> [YOUR ASSIGNMENT]
Write down, unchanged, the entries from the first line through the line holding "Colier din plastic". Include no other line.

(Extracted records)
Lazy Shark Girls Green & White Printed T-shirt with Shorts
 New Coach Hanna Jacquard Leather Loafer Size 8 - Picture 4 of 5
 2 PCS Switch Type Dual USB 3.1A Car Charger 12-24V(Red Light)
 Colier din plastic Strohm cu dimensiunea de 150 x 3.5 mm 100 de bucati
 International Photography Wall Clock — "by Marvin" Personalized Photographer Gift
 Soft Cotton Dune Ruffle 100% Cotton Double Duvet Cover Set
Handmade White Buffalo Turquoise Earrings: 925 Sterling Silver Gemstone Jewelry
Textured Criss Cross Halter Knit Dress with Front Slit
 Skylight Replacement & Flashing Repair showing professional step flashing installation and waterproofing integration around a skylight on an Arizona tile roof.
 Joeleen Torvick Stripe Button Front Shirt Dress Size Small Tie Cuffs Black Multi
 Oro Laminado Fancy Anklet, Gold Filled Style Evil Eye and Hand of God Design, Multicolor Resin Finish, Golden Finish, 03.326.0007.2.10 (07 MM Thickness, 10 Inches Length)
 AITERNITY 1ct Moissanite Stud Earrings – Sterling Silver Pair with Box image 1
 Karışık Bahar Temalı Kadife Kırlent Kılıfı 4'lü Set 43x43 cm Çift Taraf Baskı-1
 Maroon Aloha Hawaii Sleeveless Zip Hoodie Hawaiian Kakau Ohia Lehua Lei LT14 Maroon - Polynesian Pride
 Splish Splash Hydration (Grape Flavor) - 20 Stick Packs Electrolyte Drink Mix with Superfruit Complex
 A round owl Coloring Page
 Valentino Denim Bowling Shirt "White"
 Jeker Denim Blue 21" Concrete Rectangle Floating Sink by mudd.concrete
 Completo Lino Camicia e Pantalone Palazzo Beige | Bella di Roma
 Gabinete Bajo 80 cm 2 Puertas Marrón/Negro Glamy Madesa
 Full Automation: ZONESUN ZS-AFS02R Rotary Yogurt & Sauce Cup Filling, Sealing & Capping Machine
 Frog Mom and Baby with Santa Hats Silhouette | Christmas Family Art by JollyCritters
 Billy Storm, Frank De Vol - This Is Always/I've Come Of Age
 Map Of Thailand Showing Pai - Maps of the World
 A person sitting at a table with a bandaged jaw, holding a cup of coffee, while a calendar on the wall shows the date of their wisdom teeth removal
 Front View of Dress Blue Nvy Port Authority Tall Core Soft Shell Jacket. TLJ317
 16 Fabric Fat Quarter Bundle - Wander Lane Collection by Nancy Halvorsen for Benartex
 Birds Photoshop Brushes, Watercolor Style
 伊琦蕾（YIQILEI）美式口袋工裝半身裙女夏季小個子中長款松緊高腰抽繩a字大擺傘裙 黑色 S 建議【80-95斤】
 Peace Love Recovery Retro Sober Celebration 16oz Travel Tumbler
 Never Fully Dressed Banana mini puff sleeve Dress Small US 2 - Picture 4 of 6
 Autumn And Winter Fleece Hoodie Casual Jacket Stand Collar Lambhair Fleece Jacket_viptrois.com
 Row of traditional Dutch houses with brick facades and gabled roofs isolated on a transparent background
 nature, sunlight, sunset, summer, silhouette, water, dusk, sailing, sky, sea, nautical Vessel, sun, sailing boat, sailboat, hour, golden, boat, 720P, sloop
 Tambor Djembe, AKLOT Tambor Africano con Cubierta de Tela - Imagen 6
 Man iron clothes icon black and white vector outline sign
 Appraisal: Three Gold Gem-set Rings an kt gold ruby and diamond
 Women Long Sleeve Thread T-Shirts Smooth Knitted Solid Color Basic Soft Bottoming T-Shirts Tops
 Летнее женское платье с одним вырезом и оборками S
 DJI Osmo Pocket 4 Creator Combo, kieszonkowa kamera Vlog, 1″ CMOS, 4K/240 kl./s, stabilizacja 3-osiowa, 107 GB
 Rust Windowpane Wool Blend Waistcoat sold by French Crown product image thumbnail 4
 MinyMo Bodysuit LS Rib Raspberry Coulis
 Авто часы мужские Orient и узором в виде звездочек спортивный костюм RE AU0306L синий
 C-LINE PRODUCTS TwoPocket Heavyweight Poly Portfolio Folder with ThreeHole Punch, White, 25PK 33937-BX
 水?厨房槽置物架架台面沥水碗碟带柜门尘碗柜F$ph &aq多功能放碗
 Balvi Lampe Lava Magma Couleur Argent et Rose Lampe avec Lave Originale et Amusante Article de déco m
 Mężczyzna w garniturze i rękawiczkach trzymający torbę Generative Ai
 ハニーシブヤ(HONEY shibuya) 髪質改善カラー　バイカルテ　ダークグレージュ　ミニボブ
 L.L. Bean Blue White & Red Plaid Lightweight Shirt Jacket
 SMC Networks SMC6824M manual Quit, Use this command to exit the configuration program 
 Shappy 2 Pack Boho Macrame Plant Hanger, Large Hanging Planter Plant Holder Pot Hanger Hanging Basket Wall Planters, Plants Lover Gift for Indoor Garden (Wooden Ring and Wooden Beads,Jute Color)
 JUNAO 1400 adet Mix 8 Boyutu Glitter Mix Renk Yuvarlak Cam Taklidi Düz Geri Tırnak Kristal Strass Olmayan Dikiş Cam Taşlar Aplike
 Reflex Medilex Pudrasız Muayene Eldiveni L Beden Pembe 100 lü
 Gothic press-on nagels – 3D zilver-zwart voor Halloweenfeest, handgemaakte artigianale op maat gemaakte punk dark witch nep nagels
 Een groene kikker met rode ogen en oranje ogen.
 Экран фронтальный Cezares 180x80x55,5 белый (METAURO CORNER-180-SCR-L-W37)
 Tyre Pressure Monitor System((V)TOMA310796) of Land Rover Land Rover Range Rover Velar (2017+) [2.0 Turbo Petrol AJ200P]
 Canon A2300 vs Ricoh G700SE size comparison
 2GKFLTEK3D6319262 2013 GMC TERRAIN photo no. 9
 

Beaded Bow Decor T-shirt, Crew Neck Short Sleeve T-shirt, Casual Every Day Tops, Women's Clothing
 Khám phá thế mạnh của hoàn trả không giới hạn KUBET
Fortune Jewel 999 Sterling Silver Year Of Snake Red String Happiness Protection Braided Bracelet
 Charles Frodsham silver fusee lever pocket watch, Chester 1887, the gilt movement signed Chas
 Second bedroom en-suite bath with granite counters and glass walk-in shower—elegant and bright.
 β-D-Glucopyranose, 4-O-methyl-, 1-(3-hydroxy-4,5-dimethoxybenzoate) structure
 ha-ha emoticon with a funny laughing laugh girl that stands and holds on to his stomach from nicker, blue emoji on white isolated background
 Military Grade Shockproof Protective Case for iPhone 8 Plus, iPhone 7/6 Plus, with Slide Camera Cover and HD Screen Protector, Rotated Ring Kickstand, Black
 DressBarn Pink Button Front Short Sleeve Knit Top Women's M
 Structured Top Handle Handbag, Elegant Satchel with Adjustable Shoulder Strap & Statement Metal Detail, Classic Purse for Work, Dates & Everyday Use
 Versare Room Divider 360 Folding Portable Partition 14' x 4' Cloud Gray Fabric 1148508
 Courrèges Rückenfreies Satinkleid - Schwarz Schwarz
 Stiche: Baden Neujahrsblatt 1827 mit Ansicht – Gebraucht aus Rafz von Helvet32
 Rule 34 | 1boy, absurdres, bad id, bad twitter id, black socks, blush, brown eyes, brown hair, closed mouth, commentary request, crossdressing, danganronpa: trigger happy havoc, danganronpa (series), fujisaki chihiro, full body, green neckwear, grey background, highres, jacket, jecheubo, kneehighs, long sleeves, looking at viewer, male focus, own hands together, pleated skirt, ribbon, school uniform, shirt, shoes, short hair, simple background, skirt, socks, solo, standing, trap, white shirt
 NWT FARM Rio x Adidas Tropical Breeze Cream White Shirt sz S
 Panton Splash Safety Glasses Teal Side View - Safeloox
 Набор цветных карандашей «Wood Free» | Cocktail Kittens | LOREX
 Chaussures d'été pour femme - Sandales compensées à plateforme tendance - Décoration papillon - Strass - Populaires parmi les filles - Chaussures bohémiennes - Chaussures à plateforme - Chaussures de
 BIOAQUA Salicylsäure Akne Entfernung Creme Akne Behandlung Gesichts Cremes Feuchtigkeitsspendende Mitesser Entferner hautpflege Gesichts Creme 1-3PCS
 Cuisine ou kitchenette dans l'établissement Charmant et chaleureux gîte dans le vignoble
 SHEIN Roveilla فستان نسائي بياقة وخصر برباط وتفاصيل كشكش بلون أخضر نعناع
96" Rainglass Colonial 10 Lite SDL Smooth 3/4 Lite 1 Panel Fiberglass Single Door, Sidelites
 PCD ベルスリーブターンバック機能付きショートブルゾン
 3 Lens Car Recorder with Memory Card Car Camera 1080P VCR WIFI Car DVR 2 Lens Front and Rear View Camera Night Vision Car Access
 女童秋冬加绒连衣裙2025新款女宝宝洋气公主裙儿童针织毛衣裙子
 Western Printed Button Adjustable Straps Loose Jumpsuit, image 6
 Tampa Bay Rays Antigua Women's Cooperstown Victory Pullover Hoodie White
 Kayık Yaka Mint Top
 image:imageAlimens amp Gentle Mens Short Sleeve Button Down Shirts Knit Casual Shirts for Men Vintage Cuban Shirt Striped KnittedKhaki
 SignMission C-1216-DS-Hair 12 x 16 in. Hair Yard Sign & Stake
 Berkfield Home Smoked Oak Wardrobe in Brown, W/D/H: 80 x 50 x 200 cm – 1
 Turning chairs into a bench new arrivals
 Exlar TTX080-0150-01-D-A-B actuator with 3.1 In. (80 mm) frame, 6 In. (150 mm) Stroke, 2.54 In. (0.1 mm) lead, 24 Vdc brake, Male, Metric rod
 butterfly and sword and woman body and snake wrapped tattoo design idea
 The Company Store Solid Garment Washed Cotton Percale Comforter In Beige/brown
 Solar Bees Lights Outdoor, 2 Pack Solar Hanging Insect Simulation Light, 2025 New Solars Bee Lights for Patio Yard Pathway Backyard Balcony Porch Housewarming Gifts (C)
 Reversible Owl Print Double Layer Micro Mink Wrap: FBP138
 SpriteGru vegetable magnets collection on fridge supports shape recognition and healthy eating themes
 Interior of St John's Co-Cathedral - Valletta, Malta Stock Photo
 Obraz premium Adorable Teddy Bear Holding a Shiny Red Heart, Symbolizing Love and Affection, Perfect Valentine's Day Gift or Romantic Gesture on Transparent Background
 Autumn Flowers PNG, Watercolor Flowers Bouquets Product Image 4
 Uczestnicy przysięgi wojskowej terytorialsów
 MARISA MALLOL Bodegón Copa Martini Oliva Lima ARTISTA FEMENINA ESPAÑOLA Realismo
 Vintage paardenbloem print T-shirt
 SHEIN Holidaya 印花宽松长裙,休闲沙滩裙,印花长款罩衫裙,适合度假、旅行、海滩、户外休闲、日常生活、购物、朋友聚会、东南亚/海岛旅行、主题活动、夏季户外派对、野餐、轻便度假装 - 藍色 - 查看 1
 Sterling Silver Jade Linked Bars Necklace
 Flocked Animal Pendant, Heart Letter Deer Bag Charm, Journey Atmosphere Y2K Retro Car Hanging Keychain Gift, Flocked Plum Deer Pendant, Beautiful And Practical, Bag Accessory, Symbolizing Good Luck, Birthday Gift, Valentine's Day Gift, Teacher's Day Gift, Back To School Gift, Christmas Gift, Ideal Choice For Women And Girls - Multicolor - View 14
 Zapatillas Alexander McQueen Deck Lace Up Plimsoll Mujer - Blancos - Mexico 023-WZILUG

> [THE COMPLETED TASK]
Lazy Shark Girls Green & White Printed T-shirt with Shorts
 New Coach Hanna Jacquard Leather Loafer Size 8 - Picture 4 of 5
 2 PCS Switch Type Dual USB 3.1A Car Charger 12-24V(Red Light)
 Colier din plastic Strohm cu dimensiunea de 150 x 3.5 mm 100 de bucati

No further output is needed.